With that said, Bears officials took great pains during a news conference to insist that the nature and structure of the franchise will remain intact. Team president Ted Phillips said that the new general manager will have the same role and authority that Angelo did, including supervision of the head coach, and new chairman George McCaskey denied being the catalyst for Angelo's ouster.
Earlier Tuesday, we wondered if this episode signaled a new era of Bears ownership after more than a decade of hands-off rule. But unless McCaskey was telling a bald-face lie Tuesday, this was not the case of a trigger-happy new sheriff.
"I said when I became chairman that I didn't feel any particular need to place a personal stamp on the Bears," McCaskey said. "[M]y job was to work with and support the CEO and that's what happened in this case. Ted consulted with me. I supported his decision."
In the end, the Bears weren't looking to effect a culture change after missing the playoffs for the fourth time in the past five years. Instead, Phillips said, they are just looking for a way to get better players.
"We want to close that talent gap with our division rivals," Phillips said, "and that's why that decision was made."
Phillips wouldn't go into a point-by-point assessment of Angelo's shortcomings, but he did say that the Bears need better success at the top of the draft. Only two of Angelo's first-round draft picks remain part of the organization, and both -- tackle Gabe Carimi and guard Chris Williams -- finished the season on injured reserve.

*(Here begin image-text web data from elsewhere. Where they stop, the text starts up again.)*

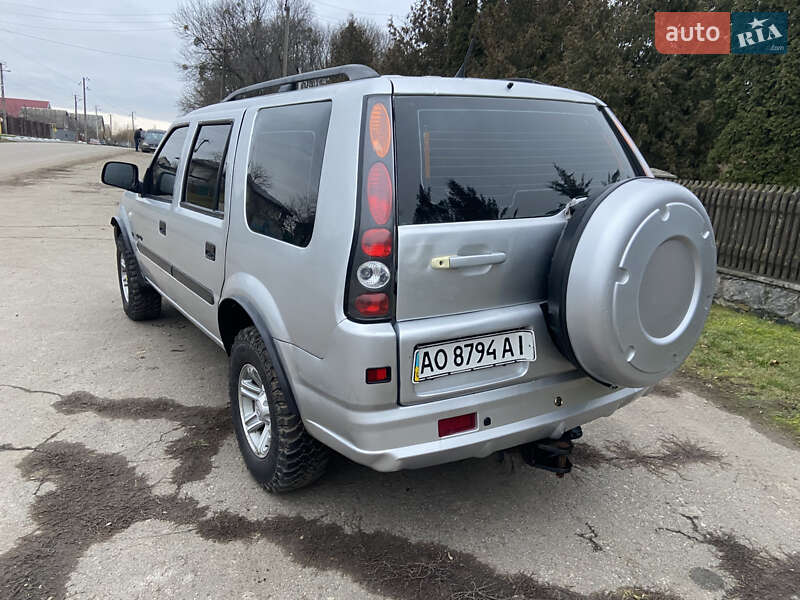 Внедорожник / Кроссовер Dadi City Leading 2007 в Монастырище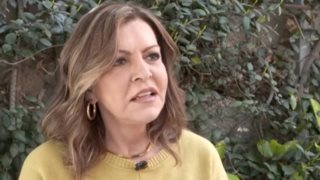 Λίτσα Λιαγκούση: "Ήμουν μεθυσμένη και 16 χρονών - Δεν ήξερα πού παν' τα τέσσερα"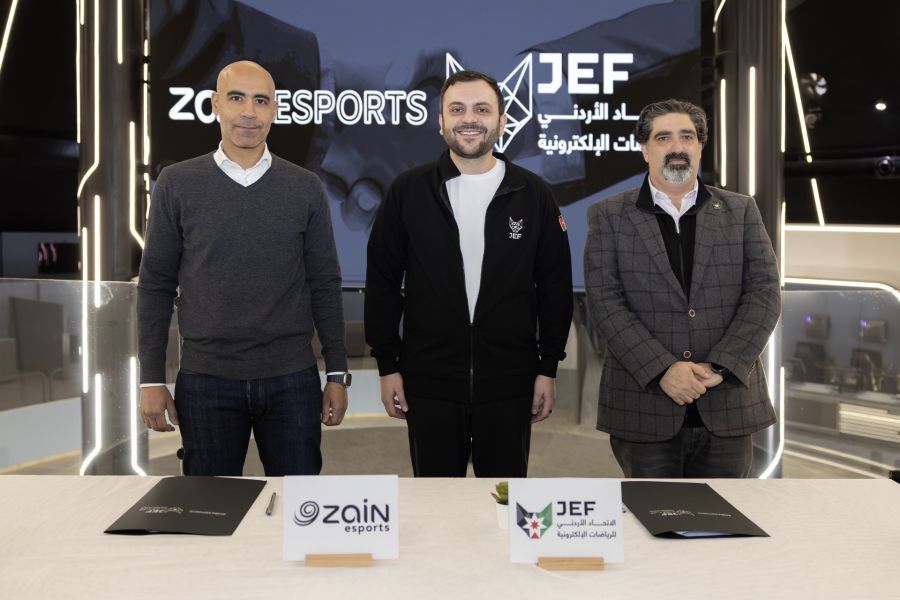 شراكة استراتيجية تجمع شركة زين والاتحاد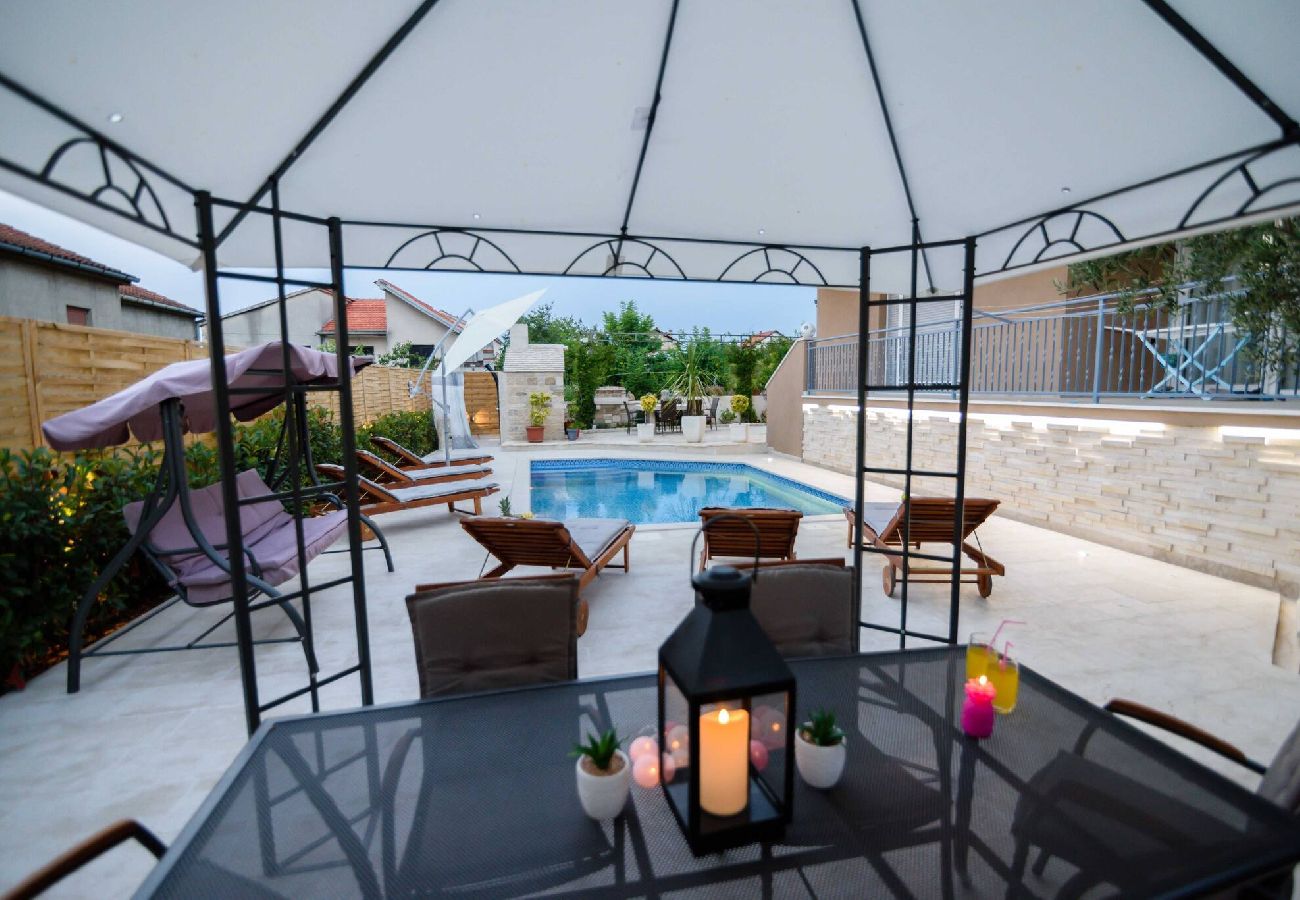 Apartament w Zadar - Penthouse apartment Zadar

Angelo deserves credit for some of his mid-draft selections, including receivers Earl Bennett and Johnny Knox. But in the past six drafts, the Bears have selected only three players who have made the Pro Bowl: Running back Matt Forte, returner Devin Hester and Knox, who was originally an alternate and made it as a returner in 2009.
Phillips will conduct the search for a new general manager, making clear to all candidates that coach Lovie Smith will remain in his job. Smith is not a candidate to be elevated, Phillips said, and Angelo assistant Tim Ruskell will operate the personnel department in the interim.
Who knows where this search will take the Bears. Phillips said he is still accumulating a list of candidates and is willing to spend a month or longer on the process. But if you were hoping the Bears would clean house or make a dramatic show of change after their disappointing finish, well, they've fallen short of your expectation. Their basic structure and many of the components remain in place. Only the identity of the general manager will change.